▶ **INSTRUCTIONS TO FOLLOW**:
With the pictures left out, print exactly the lines below that run from the one containing "Theme one being" through the one containing "Sometimes I've also".

▶ **GIVEN RECORDS**:
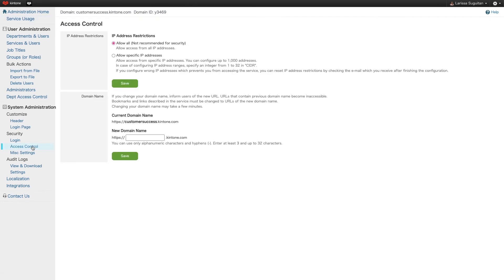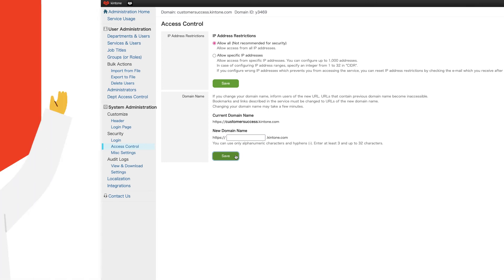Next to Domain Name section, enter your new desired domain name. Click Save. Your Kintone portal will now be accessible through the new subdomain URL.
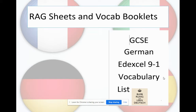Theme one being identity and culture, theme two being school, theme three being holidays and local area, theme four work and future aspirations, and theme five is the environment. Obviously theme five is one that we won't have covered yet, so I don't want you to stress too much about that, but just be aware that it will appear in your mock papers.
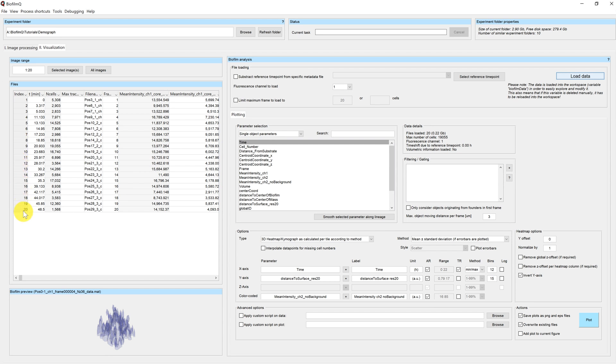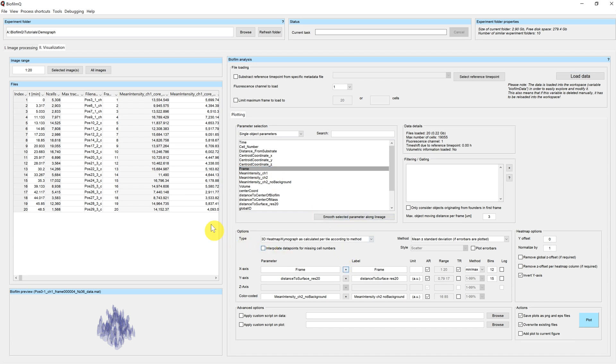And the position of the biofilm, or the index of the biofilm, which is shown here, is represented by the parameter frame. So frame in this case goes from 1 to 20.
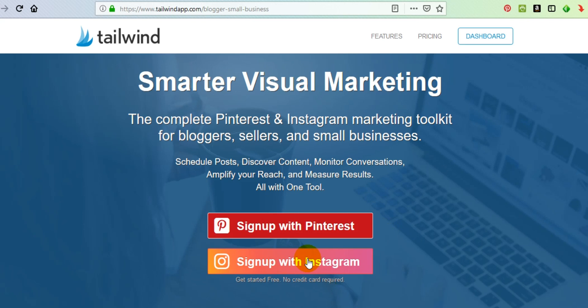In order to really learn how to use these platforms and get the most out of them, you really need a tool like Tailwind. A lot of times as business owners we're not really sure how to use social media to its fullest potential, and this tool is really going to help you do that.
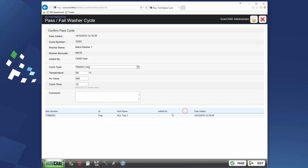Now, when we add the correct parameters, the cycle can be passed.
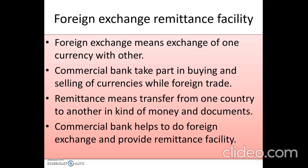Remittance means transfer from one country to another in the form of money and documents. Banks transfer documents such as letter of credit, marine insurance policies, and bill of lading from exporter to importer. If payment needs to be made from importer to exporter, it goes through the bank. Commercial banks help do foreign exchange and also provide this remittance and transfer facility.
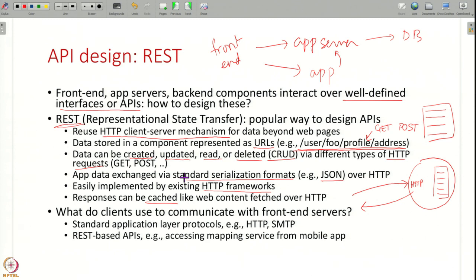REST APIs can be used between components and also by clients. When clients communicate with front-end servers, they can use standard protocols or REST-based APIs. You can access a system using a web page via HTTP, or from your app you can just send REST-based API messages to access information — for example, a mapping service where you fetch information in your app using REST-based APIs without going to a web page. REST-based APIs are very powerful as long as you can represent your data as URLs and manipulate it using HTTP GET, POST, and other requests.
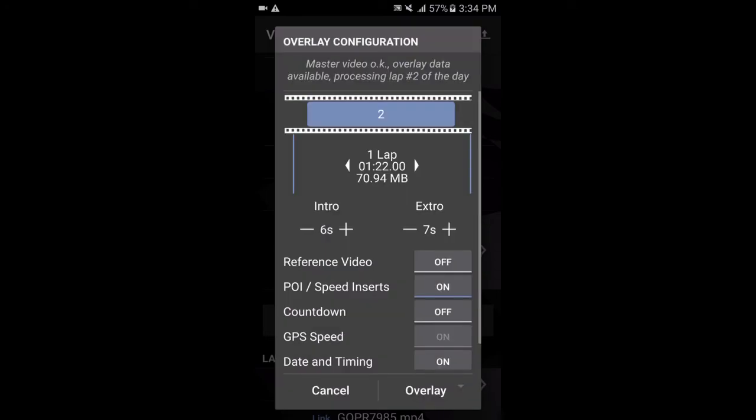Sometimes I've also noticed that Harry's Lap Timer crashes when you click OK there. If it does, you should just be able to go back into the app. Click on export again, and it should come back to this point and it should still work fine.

---

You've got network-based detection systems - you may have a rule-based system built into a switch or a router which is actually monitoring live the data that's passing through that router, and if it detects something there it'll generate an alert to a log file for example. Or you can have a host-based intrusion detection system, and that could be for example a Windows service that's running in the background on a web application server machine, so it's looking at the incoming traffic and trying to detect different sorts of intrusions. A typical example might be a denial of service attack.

▶ **YOUR SOLUTION**:
Theme one being identity and culture, theme two being school, theme three being holidays and local area, theme four work and future aspirations, and theme five is the environment. Obviously theme five is one that we won't have covered yet, so I don't want you to stress too much about that, but just be aware that it will appear in your mock papers.
And the position of the biofilm, or the index of the biofilm, which is shown here, is represented by the parameter frame. So frame in this case goes from 1 to 20.
In order to really learn how to use these platforms and get the most out of them, you really need a tool like Tailwind. A lot of times as business owners we're not really sure how to use social media to its fullest potential, and this tool is really going to help you do that.
Now, when we add the correct parameters, the cycle can be passed.
Remittance means transfer from one country to another in the form of money and documents. Banks transfer documents such as letter of credit, marine insurance policies, and bill of lading from exporter to importer. If payment needs to be made from importer to exporter, it goes through the bank. Commercial banks help do foreign exchange and also provide this remittance and transfer facility.
REST APIs can be used between components and also by clients. When clients communicate with front-end servers, they can use standard protocols or REST-based APIs. You can access a system using a web page via HTTP, or from your app you can just send REST-based API messages to access information — for example, a mapping service where you fetch information in your app using REST-based APIs without going to a web page. REST-based APIs are very powerful as long as you can represent your data as URLs and manipulate it using HTTP GET, POST, and other requests.
Sometimes I've also noticed that Harry's Lap Timer crashes when you click OK there. If it does, you should just be able to go back into the app. Click on export again, and it should come back to this point and it should still work fine.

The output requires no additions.